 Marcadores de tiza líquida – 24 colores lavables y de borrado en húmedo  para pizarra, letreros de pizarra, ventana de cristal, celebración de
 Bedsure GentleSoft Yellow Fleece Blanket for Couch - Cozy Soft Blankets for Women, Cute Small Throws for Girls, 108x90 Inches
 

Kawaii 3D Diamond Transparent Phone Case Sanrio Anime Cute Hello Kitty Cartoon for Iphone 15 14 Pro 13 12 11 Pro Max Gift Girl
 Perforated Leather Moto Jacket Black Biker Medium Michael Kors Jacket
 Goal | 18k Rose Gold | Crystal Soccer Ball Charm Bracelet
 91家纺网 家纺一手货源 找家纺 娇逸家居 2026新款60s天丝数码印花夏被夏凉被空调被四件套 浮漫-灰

---

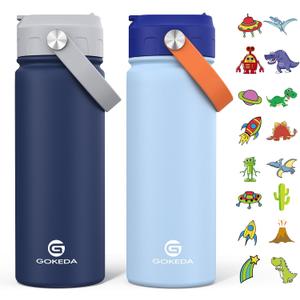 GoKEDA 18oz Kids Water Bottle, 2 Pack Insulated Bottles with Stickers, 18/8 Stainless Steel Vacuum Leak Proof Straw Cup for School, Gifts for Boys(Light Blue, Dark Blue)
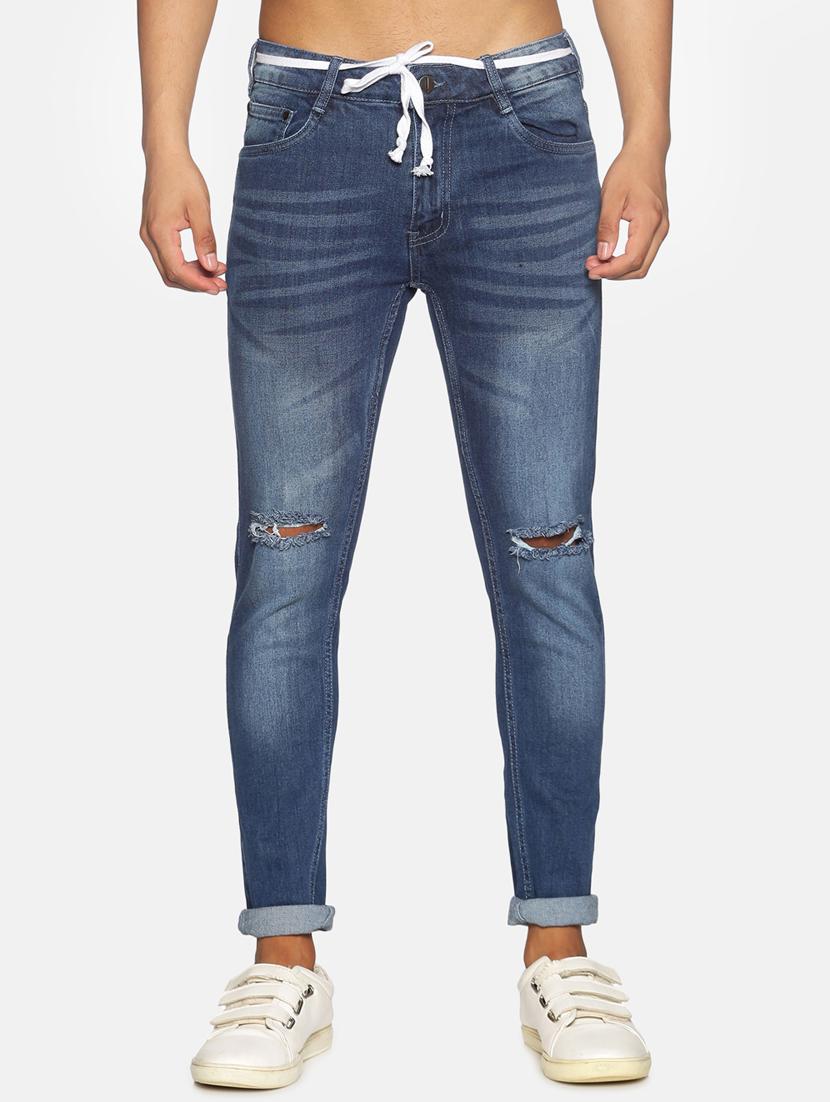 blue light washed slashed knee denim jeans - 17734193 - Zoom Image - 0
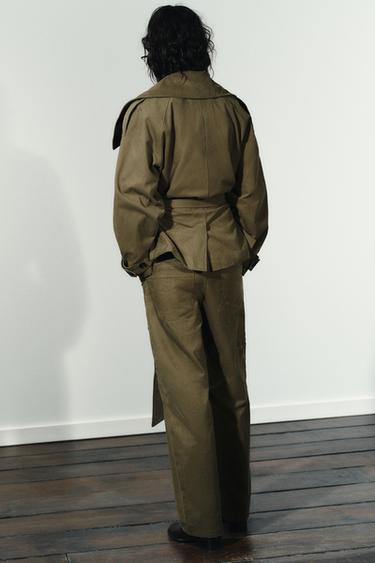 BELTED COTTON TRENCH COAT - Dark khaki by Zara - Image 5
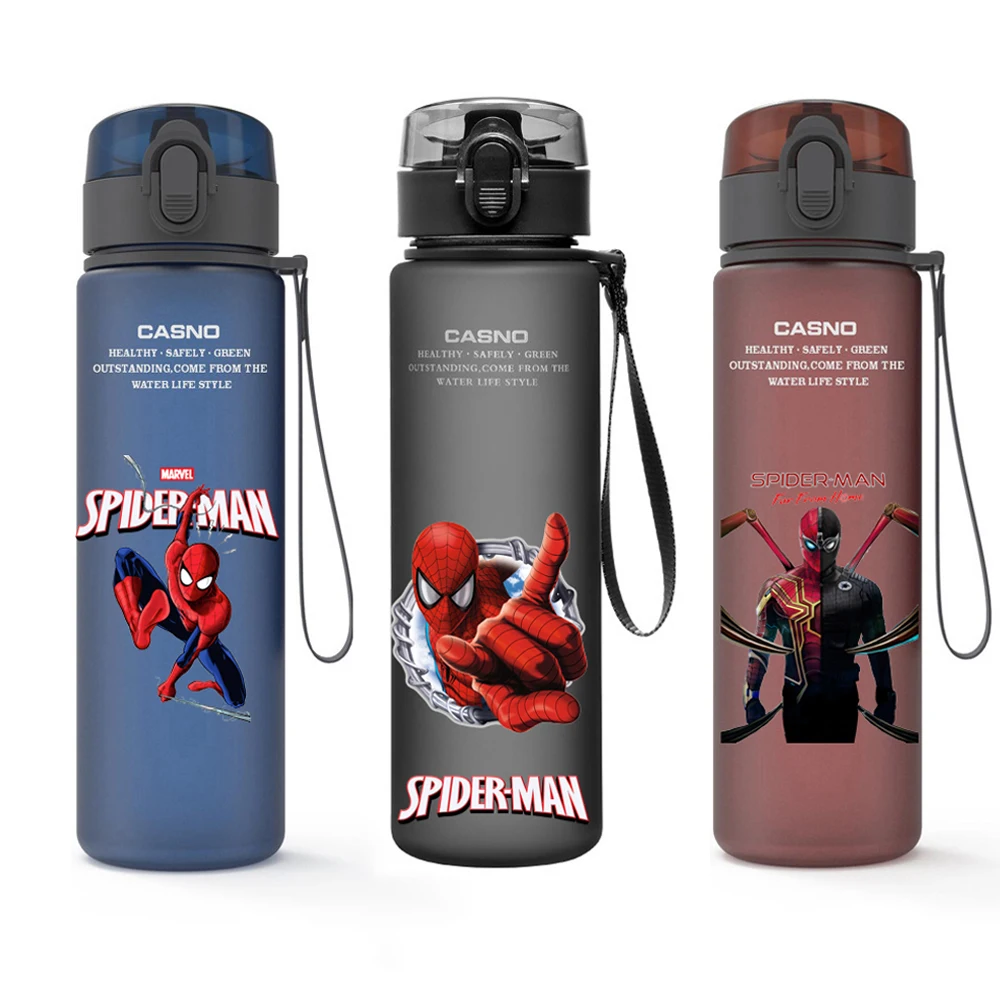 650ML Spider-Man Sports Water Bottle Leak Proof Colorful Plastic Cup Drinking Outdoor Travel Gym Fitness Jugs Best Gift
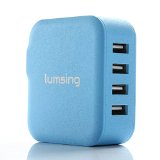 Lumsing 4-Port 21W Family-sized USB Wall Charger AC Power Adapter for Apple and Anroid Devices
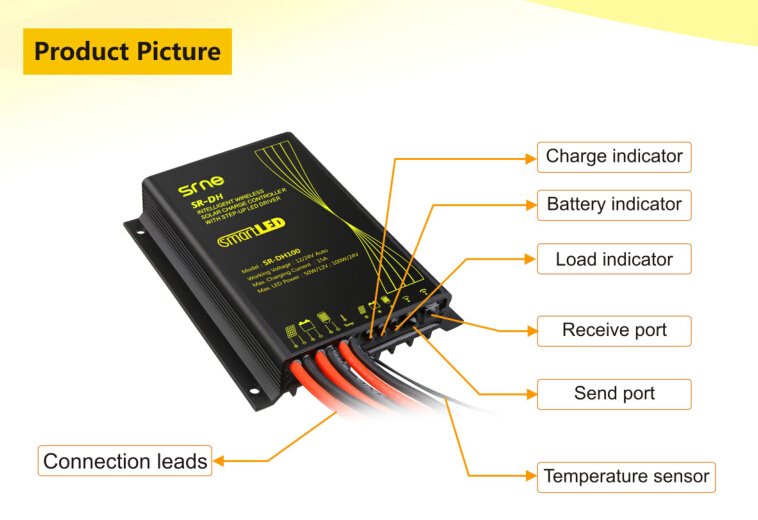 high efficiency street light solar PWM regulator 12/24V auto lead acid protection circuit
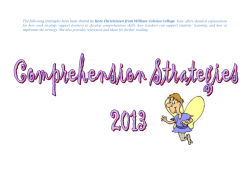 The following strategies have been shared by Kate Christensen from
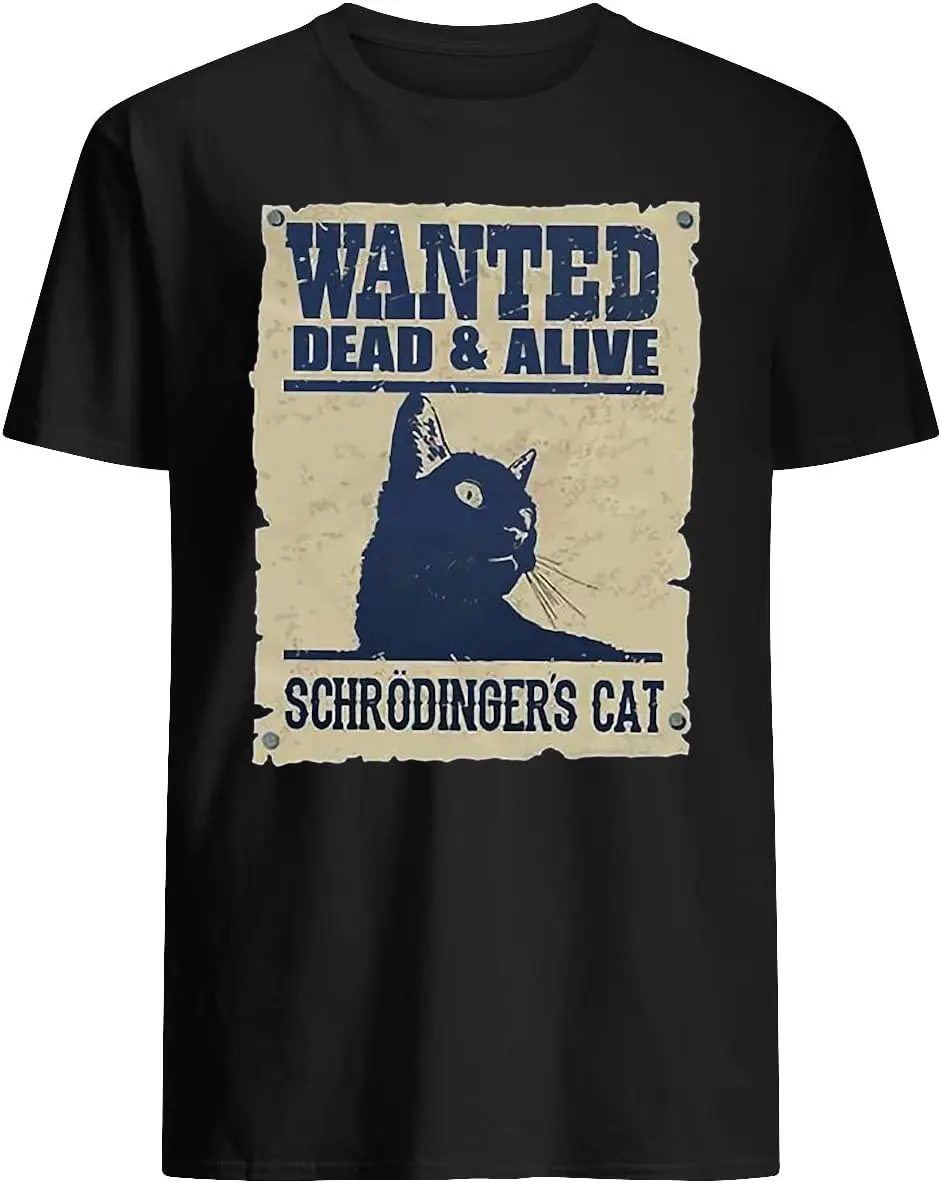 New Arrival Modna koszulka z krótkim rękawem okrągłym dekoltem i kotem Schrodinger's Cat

==

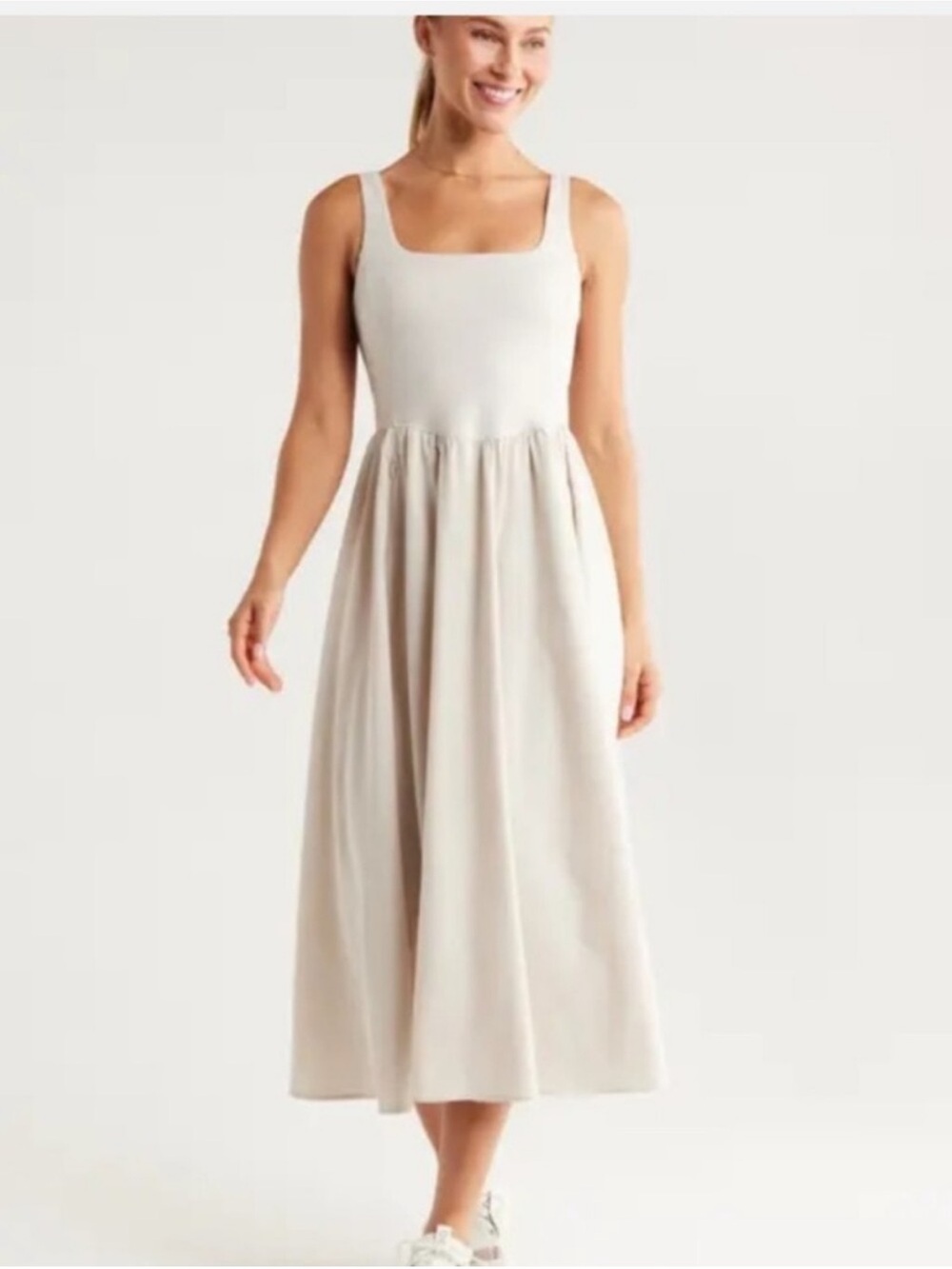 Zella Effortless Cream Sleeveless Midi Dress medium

→ **Instructions for the task**
The expected answer is an exact copy of the lines above, beginning at the line with "Marcadores de tiza" and ending at the line with "91家纺网 家纺一手货源 找家纺", with both ends in.

→ **Answer box**
 Marcadores de tiza líquida – 24 colores lavables y de borrado en húmedo  para pizarra, letreros de pizarra, ventana de cristal, celebración de
 Bedsure GentleSoft Yellow Fleece Blanket for Couch - Cozy Soft Blankets for Women, Cute Small Throws for Girls, 108x90 Inches
 

Kawaii 3D Diamond Transparent Phone Case Sanrio Anime Cute Hello Kitty Cartoon for Iphone 15 14 Pro 13 12 11 Pro Max Gift Girl
 Perforated Leather Moto Jacket Black Biker Medium Michael Kors Jacket
 Goal | 18k Rose Gold | Crystal Soccer Ball Charm Bracelet
 91家纺网 家纺一手货源 找家纺 娇逸家居 2026新款60s天丝数码印花夏被夏凉被空调被四件套 浮漫-灰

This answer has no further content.